I have only ever had one dog returned to me, and he was an older dog who was placed about 5 minutes a way on a trial basis and he was just a little too intense for their family lol (I ended up giving them his daughter). All of my "puppy people" keep in contact with me, and I see many of them at shows, trials, and when they come to board during vacations (all of the dogs I place get free board with me). Basically, so far, so good with this system.

From my own practice, I would say that unless a breeder is considering you for a puppy that is "ready to go" in the next few weeks I would not be too concerned about a lack of questions. 

Stacy Newton
Maltese- Quinn, CH Juju, CH Dillin
Yorkies- GCH Brody, Lexie
Papillons- CH MACH Piper UD RAE, CH Kit CDX MX MXJ RA, Penny AX AXJ NJP, CH Keep, GCH Katrina, CH Hero, CH William, Olivia and Pinch


----------



## Ladysmom (Oct 19, 2004)

wildcard said:


> . Then when I have an actual litter with puppies available I go through the applications, emails, etc. and see if there is a prospect for a particular puppy. I generally wait several weeks into their puppyhood to even do this, because until I see their personality I can't make an educated decision about what type of home will work.


I just wanted to mention that Maltese show breeders don't evaluate their puppies for a pet home at just two weeks old. Every puppy they produce they hope will end up in the ring and it is too soon to tell at such a young age. It is not uncommon for Maltese show breeders to hold promising puppies until they are older than 12 weeks so they can watch how they develop.


----------



## bellaratamaltese (May 24, 2006)

Ladysmom said:


> I just wanted to mention that Maltese show breeders don't evaluate their puppies for a pet home at just two weeks old. Every puppy they produce they hope will end up in the ring and it is too soon to tell at such a young age. It is not uncommon for Maltese show breeders to hold promising puppies until they are older than 12 weeks so they can watch how they develop.

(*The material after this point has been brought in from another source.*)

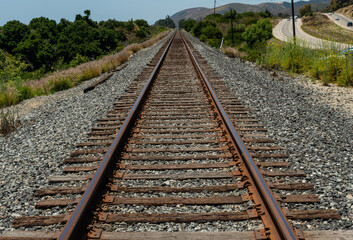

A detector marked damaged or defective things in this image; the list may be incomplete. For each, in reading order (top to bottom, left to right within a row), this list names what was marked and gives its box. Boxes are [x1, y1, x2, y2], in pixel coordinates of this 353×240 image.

This is very true - I have found it hard to accurately assess temperament and potential adult temperament before 8 weeks of age. Any younger and for me, I just can't be accurate. And like Stacy (wildcard), I'm not going to have the same conversation with a prospective buyer for a future puppy as I would if I had one 12 weeks old and ready to go.


----------



## [email protected] (Aug 22, 2012)

HI. I am also new to the forum and am looking for a baby doll face Maltese - female pup. Any suggestions please? Thank you


----------